(Por Seba Guerreiro-PDC) - En el mundo hay ciertas profesiones que brindan tranquilidad, estabilidad y comodidad. Pero también existen trabajos en los que se vive con incertidumbre cotidiana, con nerviosismo, presiones y con la sensación de que en cualquier momento podes recibir un golpe y quedarte sin el mango de todos los meses. Existe gente que se encuentra con la segunda opción y también gente que la elige, aunque el camino sea duro e ingrato.

¿Cómo una persona puede elegir el camino más complejo y sufrido? La respuesta es una sola palabra y no hace falta fundamentarla mucho: “pasión”. Las pasiones, las que dan escalofríos, son aquellas que no se mezclan y que buscan solo un horizonte, aunque en ese horizonte los momentos de felicidad plena sean contados con la mano, porque el bienestar momentáneo o la tranquilidad te la entrega un bendito resultado. Este es el camino que eligen los entrenadores de fútbol y es el camino que eligió para su vida Luis Murúa, un trotamundos de la profesión.

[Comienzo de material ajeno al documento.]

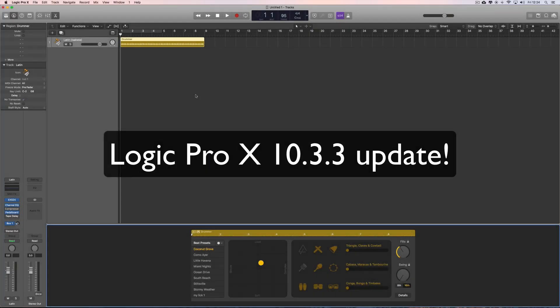So, the new Logic 10.3.3 is out. Multiple exclamation marks. Let's see what new stuff we've got.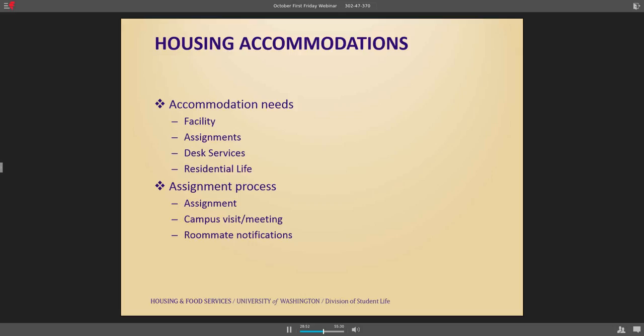Once I approve the accommodation, it goes to Jen and into the assignment process. The accommodation is in place either on a temporary basis — if it's a temporary condition or only for the year based on what I have from the healthcare provider — or on a permanent basis. They would still take into the process any preferences the student may have. So accommodation needs and preferences can happen collectively in the assignment process.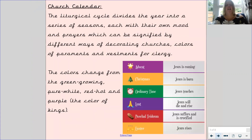Let's begin by looking at the church calendar. The liturgical cycle divides the year into a number of different seasons, each with their own mood and prayers, which can be signified by different ways of decorating churches — colours of garments and vestments for clergy. The colours change from green, growing, pure white, red, hot, and purple, the colour of kings.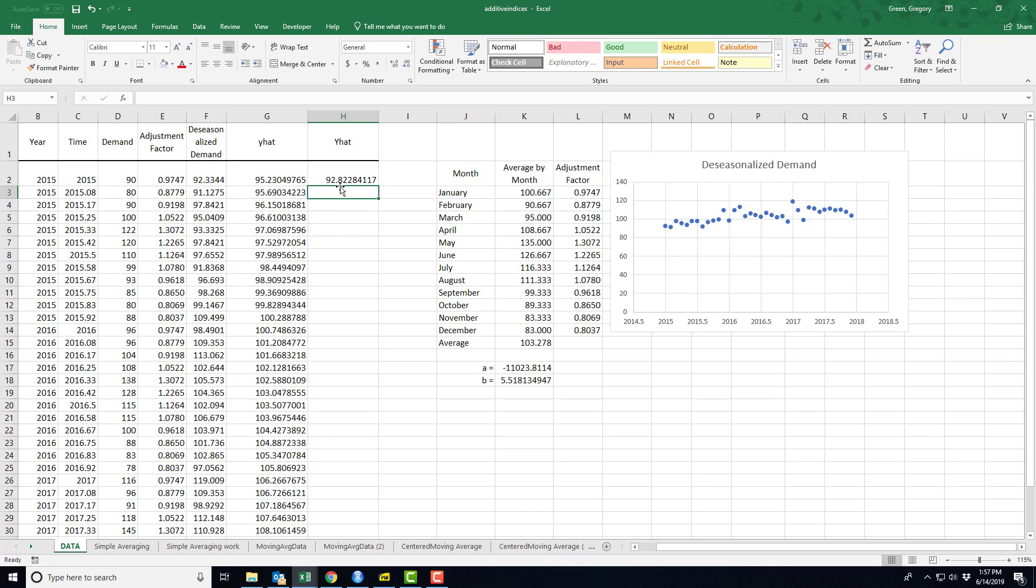Okay, so I am forecasting we will have sales of about 93 units where the actual was 90 units. In February of 2015, I was forecasting that we will have sales of 84 units. Actual demand was 80 units.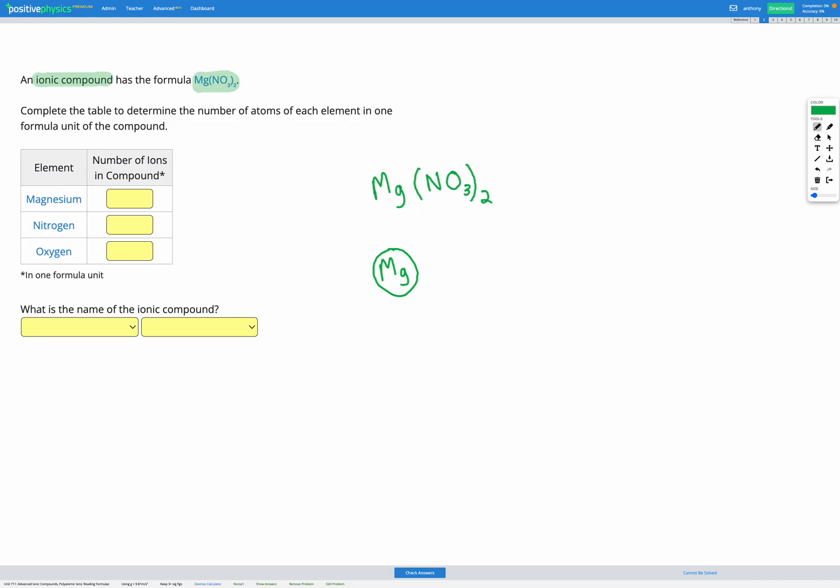Then we have this NO3, that's our polyatomic ion. So we have an N and three O's. That's in brackets, and afterwards it has a 2. That's telling us we have 2 lots of the NO3 ion, so we have a second one of those as well.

“Piti” volvió a trabajar este año en Comodoro Rivadavia, más precisamente en el club Florentino Ameghino, tras su paso en Sol de Mayo en Federal A. Para ser más claros, decidió bajar de la tercera categoría del fútbol argentino, al torneo local de la ciudad petrolera. El DT se sentó con PDC y ADNSUR y tuvo una rica charla en la que habló de absolutamente todo.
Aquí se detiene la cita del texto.